Abena Joan Brown (1992)

Generally, I have not entered into the proliferation of dialogue on these words “cultural diversity” or “multiculturalism,” except to say that they are euphemisms intended to diminish/to obscure/to maintain control over the thrust toward self-determination, self-definition as expressed in rising cultural specificity. In short these words — the “buzz words” of the Nineties — are a form of historical redundancy, a way of continuing the monologue in the Eurocentric community about what to do with/relate to the other groups who live in America.

Since every group, except the so-called “Native American,” came here from somewhere else either by choice, chance or coercion, there is no doubt that there are many — more than one — cultural groupings in the country. That these distinct racial groups brought with them to the shores of America a whole set of cultural traditions, art forms, norms, and values which are expressed in life style is true and should be obvious. The real question is one of cultural hegemony which most Euro-Americans hold sacred and have created institutions to insure its perpetuation.

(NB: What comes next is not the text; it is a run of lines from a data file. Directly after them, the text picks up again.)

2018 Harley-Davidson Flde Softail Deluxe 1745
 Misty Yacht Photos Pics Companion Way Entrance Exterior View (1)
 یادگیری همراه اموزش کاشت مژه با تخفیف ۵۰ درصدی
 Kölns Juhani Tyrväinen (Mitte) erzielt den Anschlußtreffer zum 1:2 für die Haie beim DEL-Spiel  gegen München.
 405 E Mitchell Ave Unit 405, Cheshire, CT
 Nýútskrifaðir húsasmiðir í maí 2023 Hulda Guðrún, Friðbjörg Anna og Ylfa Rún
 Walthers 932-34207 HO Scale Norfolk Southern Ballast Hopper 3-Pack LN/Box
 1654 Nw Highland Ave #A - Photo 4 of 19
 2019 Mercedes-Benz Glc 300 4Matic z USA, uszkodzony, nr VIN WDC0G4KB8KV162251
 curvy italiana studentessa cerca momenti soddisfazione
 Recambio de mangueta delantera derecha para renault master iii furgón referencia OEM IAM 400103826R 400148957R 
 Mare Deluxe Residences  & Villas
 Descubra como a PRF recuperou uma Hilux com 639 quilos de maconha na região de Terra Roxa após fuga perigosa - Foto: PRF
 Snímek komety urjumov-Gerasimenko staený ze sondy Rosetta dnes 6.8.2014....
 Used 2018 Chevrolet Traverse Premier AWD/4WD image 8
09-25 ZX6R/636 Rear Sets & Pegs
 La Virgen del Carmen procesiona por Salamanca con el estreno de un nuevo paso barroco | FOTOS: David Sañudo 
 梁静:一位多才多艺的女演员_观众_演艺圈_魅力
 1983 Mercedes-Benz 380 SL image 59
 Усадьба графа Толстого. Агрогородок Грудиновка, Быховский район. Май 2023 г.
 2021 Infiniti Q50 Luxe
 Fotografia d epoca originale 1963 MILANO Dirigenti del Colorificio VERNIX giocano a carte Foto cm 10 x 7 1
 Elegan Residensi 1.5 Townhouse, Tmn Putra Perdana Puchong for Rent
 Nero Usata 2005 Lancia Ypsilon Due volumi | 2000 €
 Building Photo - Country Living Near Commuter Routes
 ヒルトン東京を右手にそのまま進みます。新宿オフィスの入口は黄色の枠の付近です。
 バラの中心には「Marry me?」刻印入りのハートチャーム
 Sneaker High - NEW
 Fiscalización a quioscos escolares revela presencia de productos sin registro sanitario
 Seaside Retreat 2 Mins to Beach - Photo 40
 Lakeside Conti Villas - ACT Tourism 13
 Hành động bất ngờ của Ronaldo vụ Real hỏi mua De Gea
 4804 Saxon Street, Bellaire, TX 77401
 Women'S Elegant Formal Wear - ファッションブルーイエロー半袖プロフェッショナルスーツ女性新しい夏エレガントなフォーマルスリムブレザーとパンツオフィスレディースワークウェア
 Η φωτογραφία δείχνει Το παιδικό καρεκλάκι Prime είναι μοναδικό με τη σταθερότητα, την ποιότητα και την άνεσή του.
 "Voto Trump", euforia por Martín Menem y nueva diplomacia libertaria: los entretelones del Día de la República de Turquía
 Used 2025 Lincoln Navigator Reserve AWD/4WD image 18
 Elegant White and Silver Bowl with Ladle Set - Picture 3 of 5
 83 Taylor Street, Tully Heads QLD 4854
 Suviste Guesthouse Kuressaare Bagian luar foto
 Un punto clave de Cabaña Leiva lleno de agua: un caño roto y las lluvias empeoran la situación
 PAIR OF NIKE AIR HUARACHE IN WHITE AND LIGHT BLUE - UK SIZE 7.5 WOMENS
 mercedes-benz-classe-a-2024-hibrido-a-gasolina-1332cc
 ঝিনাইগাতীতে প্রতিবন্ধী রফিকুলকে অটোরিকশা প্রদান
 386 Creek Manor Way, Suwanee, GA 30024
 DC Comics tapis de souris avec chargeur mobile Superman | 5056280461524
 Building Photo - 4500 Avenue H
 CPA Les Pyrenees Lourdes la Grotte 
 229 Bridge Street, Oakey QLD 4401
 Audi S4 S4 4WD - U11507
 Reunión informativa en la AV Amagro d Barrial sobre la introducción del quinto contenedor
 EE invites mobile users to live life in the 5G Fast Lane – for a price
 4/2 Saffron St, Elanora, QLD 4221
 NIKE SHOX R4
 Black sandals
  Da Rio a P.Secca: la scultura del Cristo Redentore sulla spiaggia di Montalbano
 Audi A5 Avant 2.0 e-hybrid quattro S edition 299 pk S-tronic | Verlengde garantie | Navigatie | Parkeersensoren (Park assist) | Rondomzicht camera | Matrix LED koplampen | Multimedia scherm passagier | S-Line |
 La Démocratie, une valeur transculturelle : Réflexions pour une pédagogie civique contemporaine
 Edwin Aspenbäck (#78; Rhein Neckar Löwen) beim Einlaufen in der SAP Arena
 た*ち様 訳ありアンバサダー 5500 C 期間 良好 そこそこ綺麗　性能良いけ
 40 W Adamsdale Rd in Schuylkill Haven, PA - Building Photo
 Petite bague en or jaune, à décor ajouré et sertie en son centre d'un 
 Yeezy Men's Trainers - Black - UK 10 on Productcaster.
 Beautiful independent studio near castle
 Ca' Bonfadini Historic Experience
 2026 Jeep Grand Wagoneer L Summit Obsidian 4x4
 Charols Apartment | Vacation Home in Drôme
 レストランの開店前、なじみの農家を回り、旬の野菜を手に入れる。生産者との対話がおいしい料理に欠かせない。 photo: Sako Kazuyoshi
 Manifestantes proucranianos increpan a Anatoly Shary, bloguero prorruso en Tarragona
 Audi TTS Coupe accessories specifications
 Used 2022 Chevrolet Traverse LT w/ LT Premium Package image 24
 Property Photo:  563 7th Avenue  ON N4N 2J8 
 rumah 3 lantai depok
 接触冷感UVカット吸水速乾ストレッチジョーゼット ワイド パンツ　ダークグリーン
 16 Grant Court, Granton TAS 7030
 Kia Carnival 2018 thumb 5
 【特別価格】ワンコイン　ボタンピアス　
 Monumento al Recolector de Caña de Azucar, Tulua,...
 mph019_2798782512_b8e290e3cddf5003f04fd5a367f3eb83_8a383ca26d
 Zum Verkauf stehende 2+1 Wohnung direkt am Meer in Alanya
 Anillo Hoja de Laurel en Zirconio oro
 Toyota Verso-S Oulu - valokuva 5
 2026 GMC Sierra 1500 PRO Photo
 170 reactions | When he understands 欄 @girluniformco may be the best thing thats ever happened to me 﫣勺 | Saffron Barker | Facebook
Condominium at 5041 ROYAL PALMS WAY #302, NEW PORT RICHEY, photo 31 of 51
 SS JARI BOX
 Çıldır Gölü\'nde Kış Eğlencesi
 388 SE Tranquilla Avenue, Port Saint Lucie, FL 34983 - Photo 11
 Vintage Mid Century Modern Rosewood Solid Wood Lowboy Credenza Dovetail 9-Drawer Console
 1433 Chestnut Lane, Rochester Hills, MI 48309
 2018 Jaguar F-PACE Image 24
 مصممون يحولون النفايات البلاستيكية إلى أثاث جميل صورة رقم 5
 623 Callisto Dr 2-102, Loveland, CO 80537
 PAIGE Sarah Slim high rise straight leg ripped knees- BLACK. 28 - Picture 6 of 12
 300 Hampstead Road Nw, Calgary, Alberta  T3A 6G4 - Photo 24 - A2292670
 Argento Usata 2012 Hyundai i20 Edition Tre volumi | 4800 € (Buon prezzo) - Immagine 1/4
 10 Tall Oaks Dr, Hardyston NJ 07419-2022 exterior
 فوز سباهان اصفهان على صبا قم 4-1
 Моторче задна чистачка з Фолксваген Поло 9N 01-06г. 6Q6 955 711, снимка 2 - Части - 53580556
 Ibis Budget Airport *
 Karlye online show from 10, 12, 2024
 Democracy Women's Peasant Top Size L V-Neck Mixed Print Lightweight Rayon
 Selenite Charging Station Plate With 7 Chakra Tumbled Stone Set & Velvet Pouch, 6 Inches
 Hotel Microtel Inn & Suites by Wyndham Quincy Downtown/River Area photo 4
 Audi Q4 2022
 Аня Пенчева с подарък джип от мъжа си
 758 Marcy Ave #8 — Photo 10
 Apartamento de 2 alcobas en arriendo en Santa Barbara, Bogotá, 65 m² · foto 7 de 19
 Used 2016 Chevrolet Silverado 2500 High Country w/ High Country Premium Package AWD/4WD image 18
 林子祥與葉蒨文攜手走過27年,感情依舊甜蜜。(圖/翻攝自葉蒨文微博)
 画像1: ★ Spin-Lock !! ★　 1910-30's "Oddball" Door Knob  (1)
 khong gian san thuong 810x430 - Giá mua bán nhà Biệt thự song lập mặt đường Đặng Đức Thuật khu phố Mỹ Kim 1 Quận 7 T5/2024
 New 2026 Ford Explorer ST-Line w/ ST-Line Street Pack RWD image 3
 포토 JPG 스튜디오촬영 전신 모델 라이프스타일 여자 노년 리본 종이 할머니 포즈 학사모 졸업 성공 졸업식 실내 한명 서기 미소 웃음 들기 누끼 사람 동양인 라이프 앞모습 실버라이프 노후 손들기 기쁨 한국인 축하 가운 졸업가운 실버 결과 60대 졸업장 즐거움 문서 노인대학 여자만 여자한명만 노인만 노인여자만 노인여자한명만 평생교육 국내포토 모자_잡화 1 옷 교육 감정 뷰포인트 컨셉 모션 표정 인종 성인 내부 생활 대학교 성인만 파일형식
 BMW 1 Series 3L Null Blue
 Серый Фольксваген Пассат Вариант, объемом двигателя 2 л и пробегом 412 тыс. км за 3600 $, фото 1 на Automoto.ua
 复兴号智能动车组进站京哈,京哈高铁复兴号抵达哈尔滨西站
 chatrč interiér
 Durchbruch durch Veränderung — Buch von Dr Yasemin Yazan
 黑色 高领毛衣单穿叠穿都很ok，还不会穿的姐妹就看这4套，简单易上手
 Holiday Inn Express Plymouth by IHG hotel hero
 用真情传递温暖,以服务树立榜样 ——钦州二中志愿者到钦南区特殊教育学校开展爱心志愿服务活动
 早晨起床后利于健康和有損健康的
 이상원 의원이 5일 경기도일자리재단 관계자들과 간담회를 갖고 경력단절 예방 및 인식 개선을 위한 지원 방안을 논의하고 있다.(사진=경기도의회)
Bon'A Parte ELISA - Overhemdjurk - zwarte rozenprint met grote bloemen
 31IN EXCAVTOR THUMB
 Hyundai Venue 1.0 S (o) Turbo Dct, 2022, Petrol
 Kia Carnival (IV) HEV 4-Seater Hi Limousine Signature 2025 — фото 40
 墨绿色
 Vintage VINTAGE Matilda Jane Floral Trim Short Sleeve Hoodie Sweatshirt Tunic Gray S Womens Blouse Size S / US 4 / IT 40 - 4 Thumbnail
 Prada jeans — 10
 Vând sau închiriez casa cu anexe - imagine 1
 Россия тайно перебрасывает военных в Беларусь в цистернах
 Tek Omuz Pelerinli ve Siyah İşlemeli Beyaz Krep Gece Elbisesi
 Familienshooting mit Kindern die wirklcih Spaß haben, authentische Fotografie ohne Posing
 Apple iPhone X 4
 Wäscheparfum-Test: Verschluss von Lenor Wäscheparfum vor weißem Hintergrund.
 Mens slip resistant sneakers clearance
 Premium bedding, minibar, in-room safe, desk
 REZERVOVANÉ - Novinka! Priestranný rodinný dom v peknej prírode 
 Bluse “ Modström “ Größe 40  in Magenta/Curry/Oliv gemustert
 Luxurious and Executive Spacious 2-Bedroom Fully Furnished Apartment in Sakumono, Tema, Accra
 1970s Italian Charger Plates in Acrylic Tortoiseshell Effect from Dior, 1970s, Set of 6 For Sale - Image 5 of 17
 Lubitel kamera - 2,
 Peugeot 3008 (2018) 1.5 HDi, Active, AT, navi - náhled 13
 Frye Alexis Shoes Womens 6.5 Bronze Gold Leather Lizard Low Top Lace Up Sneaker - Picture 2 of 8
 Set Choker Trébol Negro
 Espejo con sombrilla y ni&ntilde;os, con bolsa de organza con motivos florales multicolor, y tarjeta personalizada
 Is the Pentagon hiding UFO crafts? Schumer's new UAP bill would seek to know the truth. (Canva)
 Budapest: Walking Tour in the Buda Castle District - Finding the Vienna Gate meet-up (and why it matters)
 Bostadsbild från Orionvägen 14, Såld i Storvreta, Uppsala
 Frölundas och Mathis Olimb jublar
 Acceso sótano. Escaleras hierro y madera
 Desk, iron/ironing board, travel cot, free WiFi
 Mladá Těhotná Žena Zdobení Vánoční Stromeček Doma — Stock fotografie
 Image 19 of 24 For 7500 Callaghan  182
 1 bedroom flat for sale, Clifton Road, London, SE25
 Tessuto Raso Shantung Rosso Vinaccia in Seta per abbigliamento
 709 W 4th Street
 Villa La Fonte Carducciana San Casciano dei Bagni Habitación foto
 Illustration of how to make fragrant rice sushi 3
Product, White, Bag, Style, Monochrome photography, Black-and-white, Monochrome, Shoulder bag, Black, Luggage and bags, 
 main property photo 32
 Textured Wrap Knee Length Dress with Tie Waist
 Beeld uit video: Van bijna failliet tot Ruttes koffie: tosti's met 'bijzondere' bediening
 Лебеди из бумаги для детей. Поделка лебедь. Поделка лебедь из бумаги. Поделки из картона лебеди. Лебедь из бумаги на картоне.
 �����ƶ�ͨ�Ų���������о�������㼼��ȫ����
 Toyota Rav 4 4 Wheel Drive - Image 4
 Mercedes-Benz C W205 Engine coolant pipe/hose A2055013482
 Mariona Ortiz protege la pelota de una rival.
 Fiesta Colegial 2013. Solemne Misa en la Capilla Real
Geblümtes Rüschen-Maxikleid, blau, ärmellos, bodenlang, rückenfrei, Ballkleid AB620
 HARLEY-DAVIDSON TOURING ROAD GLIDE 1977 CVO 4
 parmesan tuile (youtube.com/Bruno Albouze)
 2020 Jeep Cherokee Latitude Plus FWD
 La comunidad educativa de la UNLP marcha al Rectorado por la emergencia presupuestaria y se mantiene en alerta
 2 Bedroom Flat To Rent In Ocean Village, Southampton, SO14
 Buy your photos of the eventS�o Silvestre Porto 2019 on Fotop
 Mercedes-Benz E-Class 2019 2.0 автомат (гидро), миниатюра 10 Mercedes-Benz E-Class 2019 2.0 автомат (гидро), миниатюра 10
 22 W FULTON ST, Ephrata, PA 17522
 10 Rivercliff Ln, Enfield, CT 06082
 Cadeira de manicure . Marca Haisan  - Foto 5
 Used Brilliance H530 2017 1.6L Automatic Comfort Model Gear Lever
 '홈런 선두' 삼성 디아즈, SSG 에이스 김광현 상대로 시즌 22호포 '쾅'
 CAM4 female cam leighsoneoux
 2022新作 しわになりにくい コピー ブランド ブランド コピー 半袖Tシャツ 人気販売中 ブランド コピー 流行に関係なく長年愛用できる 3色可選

The rising tide of cultural-specific institutions, speaking in their “own voice,” is a threat to the status quo, particularly as one examines and understands the changing demographics of this country and the world. Therefore, Euro-Americans who define themselves as the “mainstream” seek to maintain this paradigm with themselves at the center as the “prevailing current or direction of a movement or influence.” Sorry! If anything, the issue is one of pluralism that is by definition, “the belief that no single explanatory system or view of reality can account for all the phenomena of life.”

I will close with the words of an icon. Alice B. Toklas was reputed to have asked Gertrude Stein, who was on her death bed, “What is the answer?” Ms. Stein’s reply was: “What is the question?”